Devane touched her spine and felt her snuggle closer, but she was still asleep. He cupped her breast in his hand and whispered, ‘I shall come back, somehow. I don’t know how I’ll manage it, but I will.’
Then he too was asleep.
Twelve hundred miles from the room where Devane lay with the girl pressed beside him, his adversary, the man he had never met, stood below the window and contemplated the dawn. It was cold and without promise. Damp, like the accursed country.
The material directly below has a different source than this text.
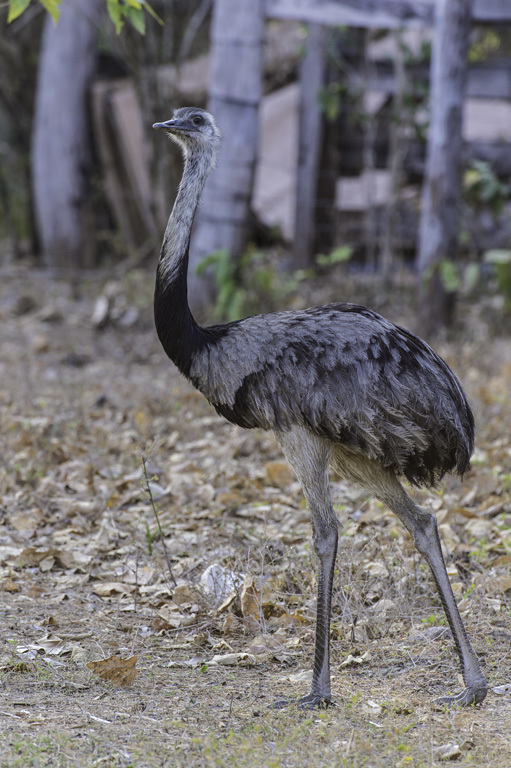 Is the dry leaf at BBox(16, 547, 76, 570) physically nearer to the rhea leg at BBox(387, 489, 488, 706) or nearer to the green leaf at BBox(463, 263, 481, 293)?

Korvettenkapitän Gerhard Lincke watched the sky and listened to the far-off wail of a siren. The Eastern Front never rested for long, but Lincke had taught himself to keep his mind clear of un
necessary diversions. He would inspect the whole of Gruppe Seeadler this morning. There was no substitute for routine.
He heard the girl moan in her sleep and turned to look at her, at her nakedness, and the way her hair hung over the side of the bed.
Lincke had taken her to his bed not from lust or affection. It was just another part of his routine. Necessary, although in her case unsatisfactory. She made love like an animal, and had cried several times. She was an interpreter, described as Polish. But Lincke had checked her record sheet. She had been born a Russian, and had lost her parents and family in the revolution. She had the features of an aristocrat, the mind of a slut, he thought.
He shivered and stood back from the window. Today the new admiral would come and inspect the naval forces here. He would replace the one killed in Parthian’s attack on the Potsdam. Lincke gave a tight smile as he recalled how some of his brother officers had seemingly expected him to be enraged by such an impudent attack in his territory.
Quite the reverse. Lincke had been seeking the last clue in the pattern of events. He knew that Devane commanded the handful of motor torpedo boats named Parthian. He had studied his background, and now knew him better than some of his own subordinates.
He thought of the coming Russian offensive. It could not be delayed much longer, and it must commence before winter closed its grip. It was to be hoped that the new admiral was better than the last one or the senior captain who had been sent from Odessa temporarily to assume command. A useless object. Lincke could feel his anger rising again. The man had kept moaning about the great ships which were now no more. Even the mighty Tirpitz had been attacked by midget submarines within the safety of a Norwegian fjord and was out of service. He should have realized that it was a small-ship war. U-boats, fast patrol vessels, with young minds to command them.
Lincke had been to the local field HQ to examine some photographs of Russian supply vessels. On the way he had seen a firing squad unhurriedly shooting a dozen or so ragged figures. They had fallen into a long trench, almost grateful it seemed for the reprieve from suffering. Partisans, a brutal-looking SS lieutenant had explained. They had been interrogated fully. No further use.